Musician of the Month: Gabriella Di Laccio
As far as I can remember I have always sang. Although I don’t come from a family of musicians there was always music in the house. Joining the school choir when I was 8 was a very natural step and since then I never stopped singing. Although singing was a great enjoyment in my life, I only started having proper singing lessons when I was 16 and that opened up a whole new chapter as I started to find out the different aspects of my voice and how to use my instrument properly. It was a fascinating experience and I fell in love with the act of communicating through music and I believe it was then I first thought of becoming a professional classical singer.
How is singing baroque music different from singing classic or romantic music?
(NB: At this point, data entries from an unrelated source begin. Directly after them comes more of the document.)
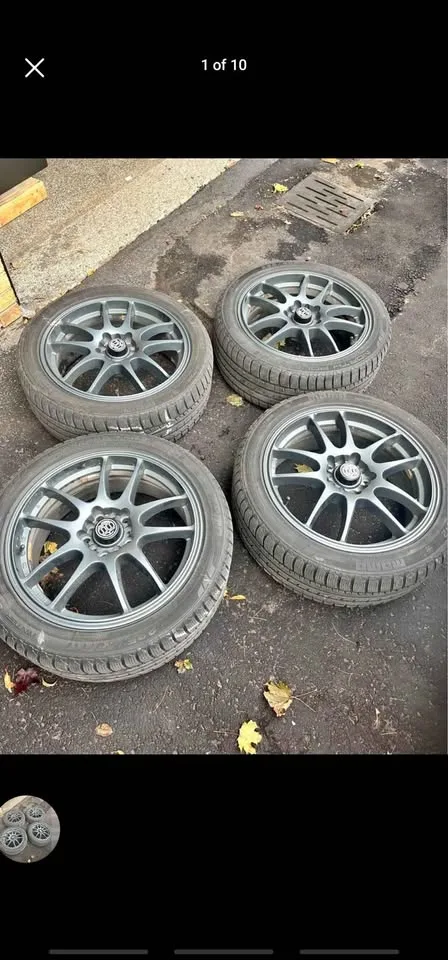 225/45R17 Momo Winter Tires on RSSW Mags image indicator(10)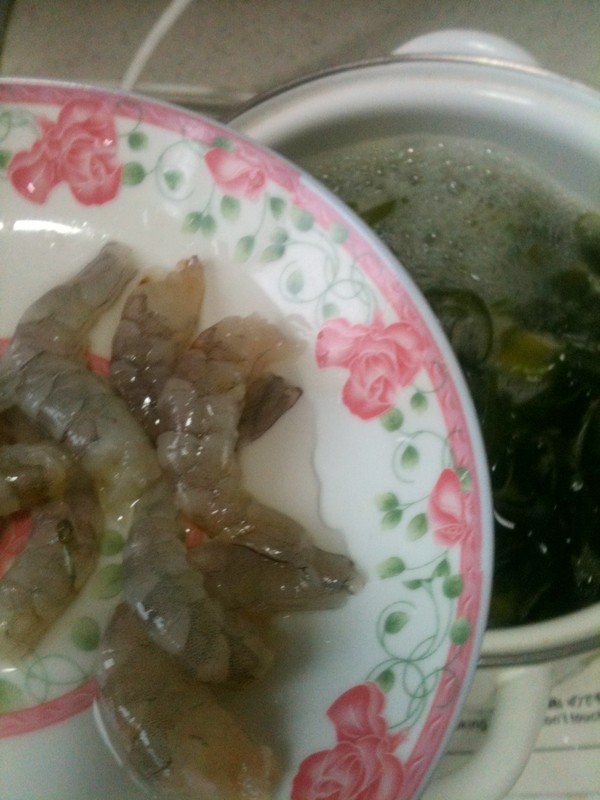 虾仁海带汤步骤4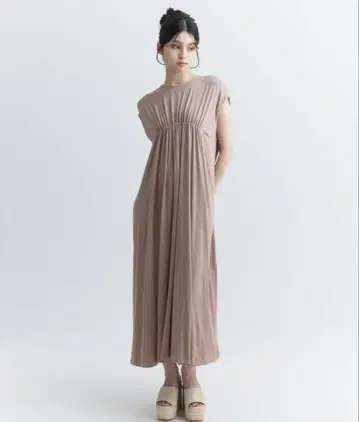 새상품급 eimy istoire 백 샹 개더 컷 원피스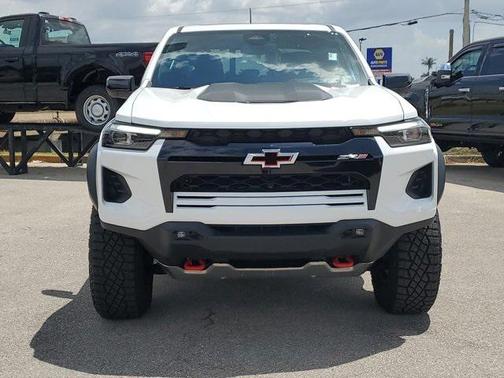 2024 Chevrolet Colorado ZR2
The baroque period was very rich artistically speaking and produced very intense and varied emotions in the arts. In music, this new emphasis was clearly stated and generalized in the “doctrine of the affections”. The doctrine arose under the influence of classical (ancient Greek and Roman) rhetoric, which focused on the art of using language to persuade listeners to a specific point of view or emotional response. Any performer of baroque music needs to understand this concept and use their instrument to get as close as possible to this idea. The notion that baroque music should be always sung with a straight tone is in my opinion a misconception of the reality. It is our job as singers to have enough command of our voices to be able to use both straight tone and vibrato to express emotion and reflect the mood of each part of the work we are performing. Vibrato in baroque music is an ornament – and the baroque period is full of ornamentation.
Can you tell Handel’s music was written for his specific singers? Do you feel like you need to channel your inner baroque diva to perform it?
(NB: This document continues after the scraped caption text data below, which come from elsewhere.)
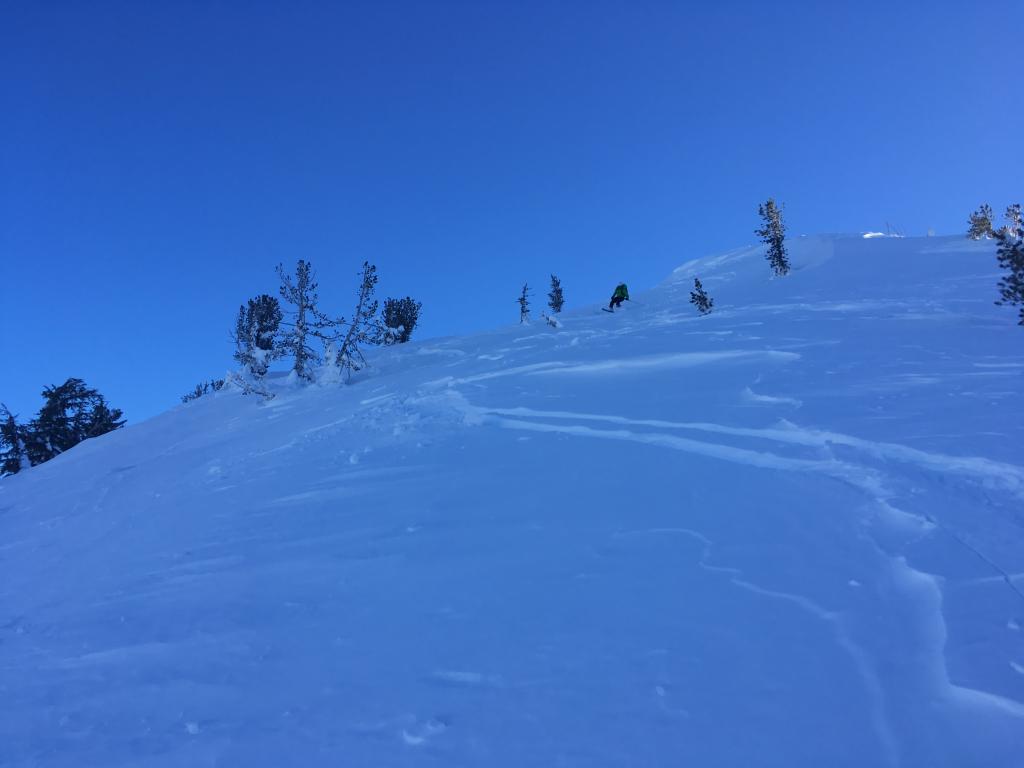  Variable wind affected &amp; consolidated powder looking S at ridge 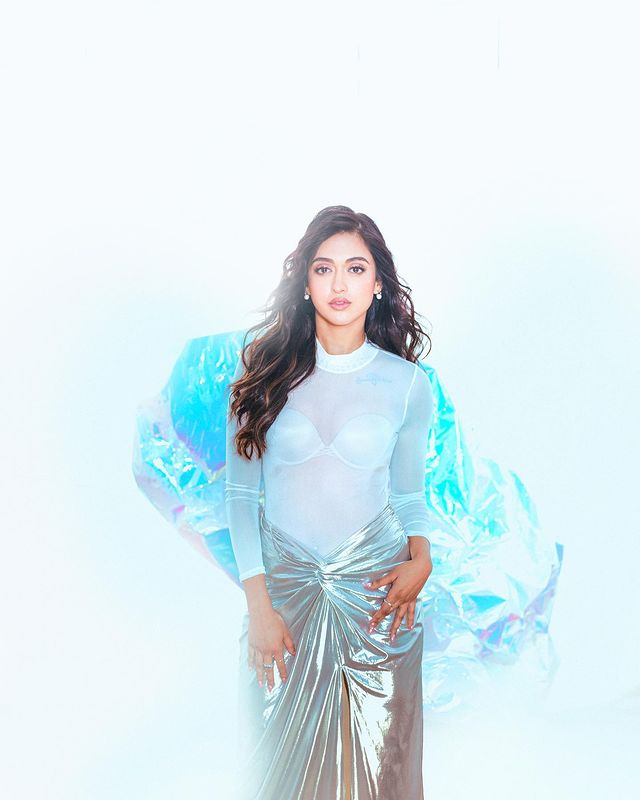 Gayatri Bhardwajs Stunning Red Dress Pics Gayatri Bhardwajs Stunning Red Dress Pics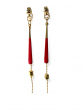 Boucles d'oreilles longues écrous émail rouge Oh la la ! - vue de près.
It is very clear that Handel was extremely inspired – and challenged – by his singers and one can certainly imagine the thrill of being one of Handel’s Divas. The stories of Francesca Cuzzoni and Faustina Bordoni having a fight on stage can certainly gives us an idea of their intense personalities and undeniable talent. I don’t consider myself the stereotype of the “Diva” people generally have in mind. One can always imagine a diva like this immensely flamboyant, proud, glamorous and dramatic woman who combines these generally positive attributes with a less desirable set of traits, including being volatile, demanding, vain, controlling, self-absorbed, unreasonable, suspicious, and jealous. Having said that it is unquestionably true that when I am performing I am certainly not just myself. One needs to explore different kinds of emotions in order to express the message the composer had in mind for that particular aria. So from that perspective at that moment I am not only Gabriela Di Laccio, but an instrument that should communicate all the emotions that my character is feeling and singing about. Singing and music in general is an art of giving, of sharing emotions, of moving the listener and tell stories. This is always my main goal in every performance.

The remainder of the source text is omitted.